The person, who gave 26.833, also considered the last 3 values, but believed that since
this value is the oldest among the 3 this is older, and this is the most recent value. The person gave weights and said, this is going to have a weight age of 1, here there
will be a weight age of 2, and here there will be a weight age of 3 which is the closest. So, the forecast would be 1 into 28 plus 2 into 26 plus 3 into 27 divided by 6 which
gave 26.833, so it is a weighted average on the last 3 values. The last person who gave value equal to 26 felt that if you look at all these values
32 seems to be an out layer, and there could have been some assignable reason for this
32 which looks like a spike. So, the person took away this 32 and then found the average for rest of them, so this is remove 32 and find the average, now let us look at each of these 8 answers, and more importantly the reasons associated with these answers, and try and learn some aspects of forecasting. Now, this is centred around the average which is a measure of central tendency of this data. This is also centred around the average even though smaller or less amount of data and more recent data has been considered. This has a slightly different assumption that this is based on the increase that happens here,
here the person has considered other factors. Here also the person has considered an increase and decrease, this is based on the average, this is also based on some kind of a weighted average, and this removes the out layer. So, let us say out of these 8 different reasons given, 5 of the reasons are centred around the average in some form or the other. But,
if we look at this data and before we start making any forecasting, we need to understand whether this data actually represents a constant or what is called a level or whether there
is some kind of a trend that has happened. So, if we look at these values in some sense we do not see a clear increasing trend from this to this we also do not see any kind of
a decreasing trend. So, I am going to assume that this does not
show any kind of a trend and therefore, I am going to start developing models, only for level or what I call as a constant model, which in some sense has been validated by
8 out of the 8 people saying that it is centred around the average. So, essentially we are
trying to find out a constant or a number which adequately represents all these numbers, under the assumption that there is no increasing or decreasing trend. So, which simply means we are trying to fit something of the form F is equal to a, where a is the constant or the level that we are trying to find out. But, then we also understand that if this were to represent a constant, then why do we have these variations in these values, and not the same constant that comes as a forecast. The reason behind is there
is a certain inherent variation or inherent variability in the system, which we call as
some epsilon. And this epsilon is the noise or inherent variation or variability in the
system. And this noise is expected to have parameters 0, sigma square, which means this noise has a mean of 0, which also means that these inherent variation or statistical fluctuations will cancel out as time passes. And these variations are small because their variance sigma square is also assumed to be a very small number.

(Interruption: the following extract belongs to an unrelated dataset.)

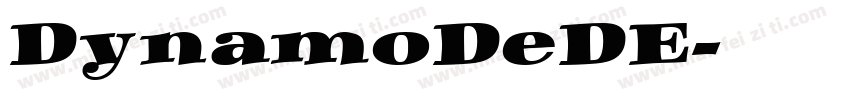 DynamoDeDE字体转换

So, if we make the assumption that this represents a constant, and we are trying to estimate
that constant here, now we will try to find out various ways of estimating the constant. So, the simplest and the best way to estimate the constant is by looking at the simple average, which the first student actually mentioned as the forecast. So, a simple average is the
simplest and the easiest way to give a forecast for a set of data, which shows level or which represents a constant. But, when we take the simple average we also assume a few things, number one is we are considering all the data points, and we are not leaving out any of
the data points. Second is we give equal weightage to all the data points, so under these two important assumptions that we consider all the data
points, and then we give equal weightage to all the data points, we get simple average
to represent the forecast of this. So, if we make a decision based on the simple average, we would say that the forecast for 2010 is 27. It also means that the forecast for 2011
right now is 27, because if we add a 27 and then take the average we will get the same
27. So, the forecast made here for every period
is the same and that will be 27, now the moment we assume that we are going to give equal weightage to all the data and consider all the data, then the question asks whether thus data which is 6 years old is equally important as this data which is 1 year old. So, we need to answer that question and that makes us move towards what is called a weighted average, so we can give some weights to each one of these, and then compute a weighted average. For example, if we give weights w 1, w 2, w 3, w 4, w 5 and w 6 then the weighted average will be 25 into w 1 plus 32 into w 2 plus 24 into w 3 plus 28 into w 4 plus 26 into
w 5 plus 27 into w 6 divided by w 1 plus w 2 plus w 3 plus w 4 plus w 5 plus w 6. And
as long as the w’s are greater than or equal to 0, we would get an answer which is within the range of 26 and 32, it is also a customary to define the w such that, sum of the w’s
is 1. So, that the denominator is 1 and you do not divide it by the sum of the weights. So, a weighted average is as good as a simple average, it has the additional advantage that we consider all the points as in simple average. But, we are able to capture the relationship
that more recent pieces of data, add more value to the forecast and therefore, they
are given higher weights or there is a possibility to give higher weights, to more recent data.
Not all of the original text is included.